Does robotic surgery have a future?

Medical technology Super microsurgery - in the future with surgical robots?

Da Vinci is at work: the robot hangs over the patient like a giant octopus. Various surgical tools are attached to the arms. They drive around in the patient's open body. That sounds martial. And that looks a little strange too. But don't worry: everything is under control. At the other end of the room is the head of urology at the Leipzig University Hospital, Jens-Uwe Stolzenburg. He operates the robot via a console. "Ultimately, I operate everything myself. That is also the important thing. This is not robotic surgery. This is robot-assisted surgery. You shouldn't confuse that. This is fundamentally different because the robot does not make any movement itself."

Da Vinci also operates in Leipzig

Da Vinci is now used in around 100 clinics in Germany. After all, it has advantages, also here in Leipzig. Without Da Vinci, the operation would be difficult, says Prof. Stolzenburg. The patient is very stout. "You would hardly be able to operate on open surgery because you cannot get into the depths. It is very confusing. Here I am directly on site. The camera, enlarged ten times, shows me everything. I can perform the finest movements."

Not suitable for microsurgery

However, the robot cannot be used everywhere. For example next door: Preparations for a microsurgical operation are currently underway. Very small vessels in the millimeter range should be connected to one another. It is frigid and small. The Da Vinci robot cannot help here. Plastic surgeon Tom van Mulken from the Netherlands explains why: "The instruments in these robots are far too large for microsurgery. That is the first problem. The second problem is: The Da Vinci robot and other similar types of robots use cameras. They are It's pretty good, but for real microsurgery, where everything is very small, these cameras are useless. We surgeons then use powerful microscopes that magnify everything by 20-30-40 times. "

MUSA should fix it

So it was clear to Tom van Mulken: A new robot was needed. One that works for microsurgery. Together with the Dutch company Microsure, he developed the MUSA system, which has now been tested in practice for the first time. "The robot does two things: First, it filters out the surgeon's tremor. The tremor is the natural tremor of the hand. We all have that. The second thing the robot does, it scales the movement. That means: I can do the robot say that if I move four inches, it only moves an inch. It then copies my movement, but makes it smaller. " The tests had shown that the robot works and can be used. But he had not done better than the experienced surgeon.

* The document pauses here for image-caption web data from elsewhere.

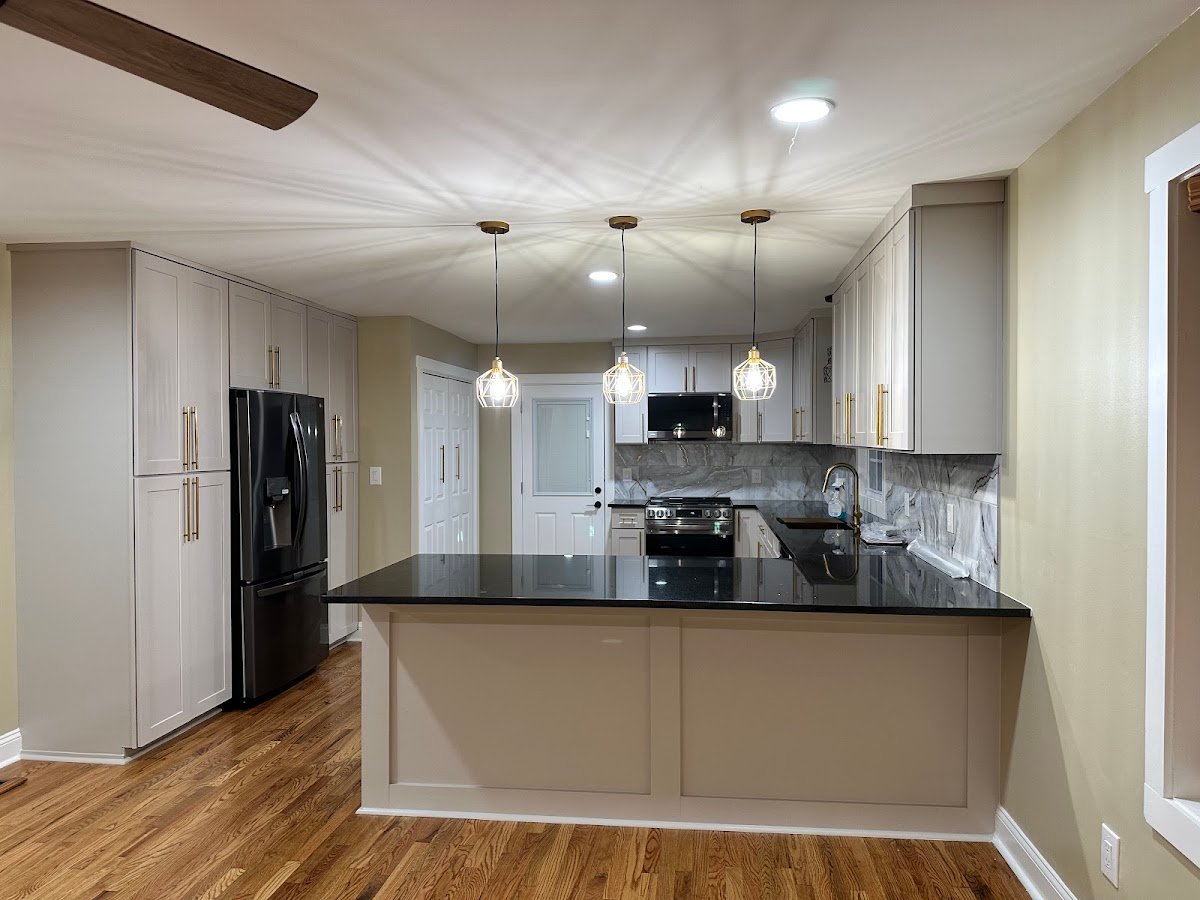 Kitchen remodel with white cabinets and hardwood floor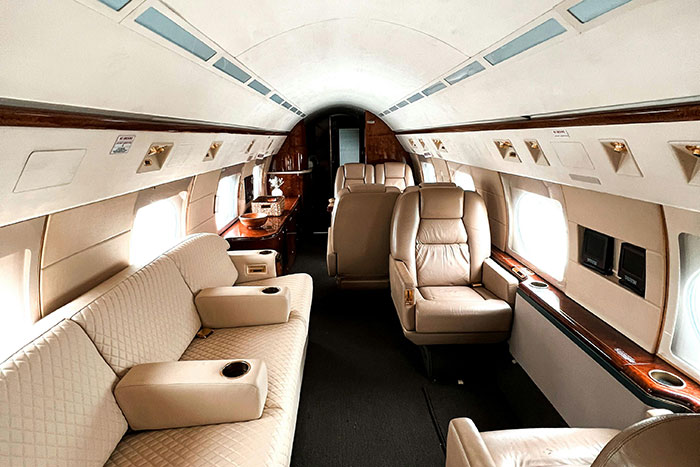 Luxurious private jet interior with leather seats and stylish wood accents showcasing what ultra rich individuals can afford.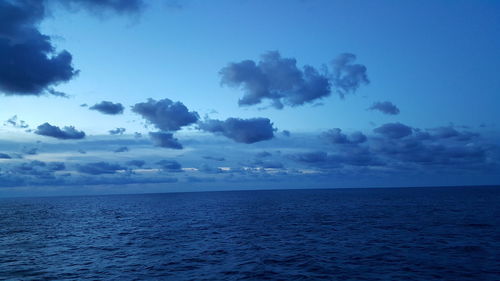 Scenic view of sea against blue sky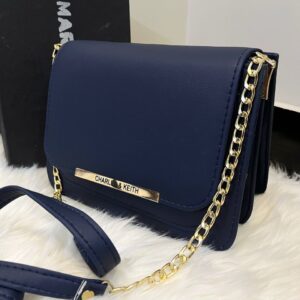 Navy blue Charles & Keith crossbody bag with gold chain strap
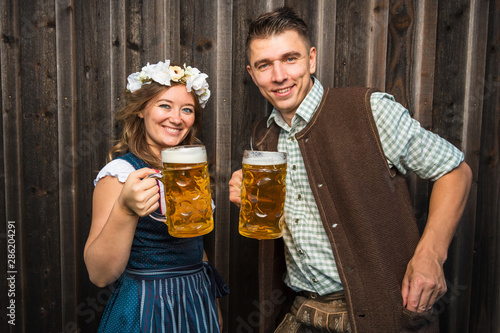 Junge Frau und mann mit Bierkrug und Brezel auf einem Holzhintergrund .Oktoberfest-Konzept  photo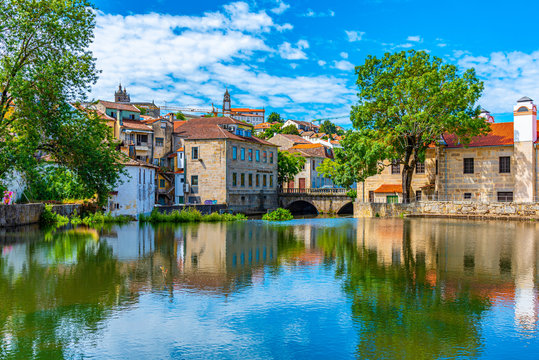 Old buildings in Viseu reflected on a local creek, Portugal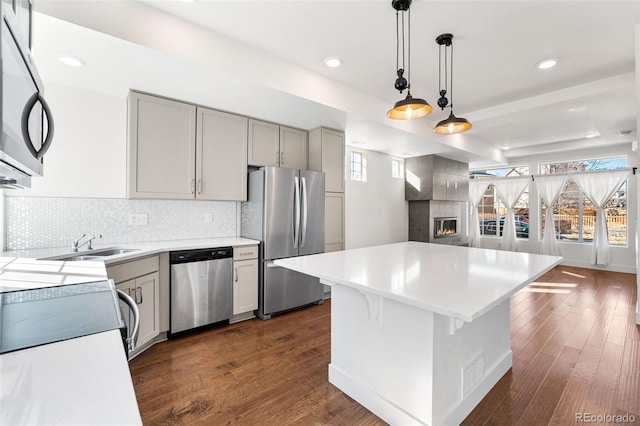 kitchen with light countertops, appliances with stainless steel finishes, gray cabinets, a center island, and pendant lighting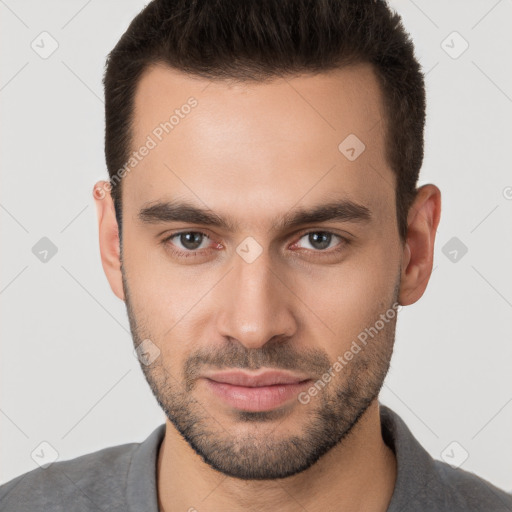 Joyful white young-adult male with short  brown hair and brown eyes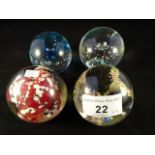 A collection of four glass paperweights.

So far only people at work

Back to the operating room in Leipzig: This is where the new robot will eventually be at some point, if Tom van Mulken has his way. There are still only people at work here. One of these people is Professor Stefan Langer, a specialist in plastic, aesthetic and special hand surgery at the Leipzig University Hospital. Today he wants to transplant lymph nodes from his stomach into his leg. Particularly small parts: in order for the transplant to work in the leg and remove the lymph, it has to be connected. To do this, he sews small blood vessels together. "That's one millimeter, look here: one, two. That's one to two millimeters. When it is flattened, it's three, when it's inflated it's two and a half. But that's good, you have to say. It's good do. That is, as the saying goes, our daily work. "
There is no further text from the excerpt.